Point d'achoppement jusqu'au bout des négociations sur le Brexit, l'accord sur la pêche tarde encore à se mettre en place, suscitant la grogne des professionnels et un appel de la France à une action européenne ferme. L'accord prévoit notamment que les Britanniques délivrent des licences pour la zone des 6-12 milles marins au large de leurs côtes, où les pêcheurs européens se rendaient traditionnellement.
22 chalutiers sur 120
Or, plus de quatre mois après l'aboutissement des négociations, seulement 22 bateaux sur 120 de Boulogne-sur-Mer, premier port de pêche français, ont reçu l'autorisation permettant d'accéder à ces eaux riches en poissons, selon un responsable local de la filière, Olivier Leprêtre, cité par l'AFP. De plus, tous ne pourront l'obtenir car il a été conclu que ces licences ne seraient accordées qu'à des navires pouvant fournir des données historiques sur leur fréquentation des eaux britanniques. Cela suppose de disposer d'équipements électroniques dont tous les bateaux n'étaient pas équipés.
En attendant, la ministre de la Mer, Annick Girardin, a annoncé le 26 avril aux pêcheurs de Boulogne-sur-Mer une enveloppe de 100 millions d'euros dans le cadre d'un plan d'accompagnement de la filière pêche post-Brexit, tout juste validé par Bruxelles. Cette nouvelle a été accueillie avec soulagement par le président du comité régional des pêches qui, cité par l’AFP, a salué un plan «intéressant» qui permettra, selon lui, «de maintenir la tête hors de l’eau».
Ce dernier a néanmoins aussi souligné que la délivrance des licences restait «une priorité» et qu'elle devait intervenir rapidement au risque que beaucoup de navires finissent à la casse et que les professionnels recommencent à Boulogne-sur-Mer les barrages de transporteurs du Royaume-Uni vers le continent commencés la semaine dernière.
«En contact permanent»
Contactés par RT France pour commenter la situation, les services de la Commission européenne ont déclaré être «en contact permanent» avec les autorités britanniques pour faire en sorte que «toutes les demandes de licence soient traitées immédiatement». Un porte-parole a précisé que la Commission était «prête à traiter toute demande supplémentaire documentée de la France».
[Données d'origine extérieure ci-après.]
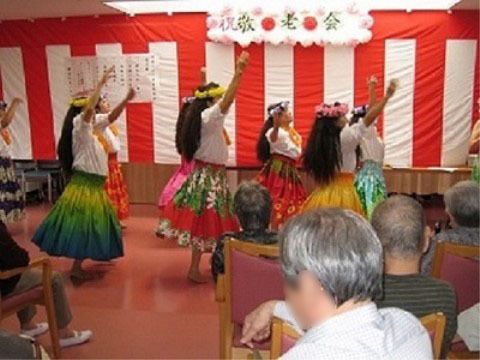 敬老の日にハワイアンダンスを鑑賞する複数のご利用者様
Enfin, pour ce qui est des preuves électroniques d’activité de pêche dans les eaux territoriales britanniques, la Commission affirme aussi qu’elle «coopère étroitement avec la France pour intensifier ses efforts de récupération des données historiques sur les activités à partir de diverses bases de données nationales».
Malgré ce contexte tendu, les parlementaires européens devraient ratifier à une large majorité le texte de l’ACC. Un vote devenu urgent car l'application provisoire du texte, effective depuis le début de l'année, s'achève le 30 avril et le Royaume-Uni a exclu toute prolongation.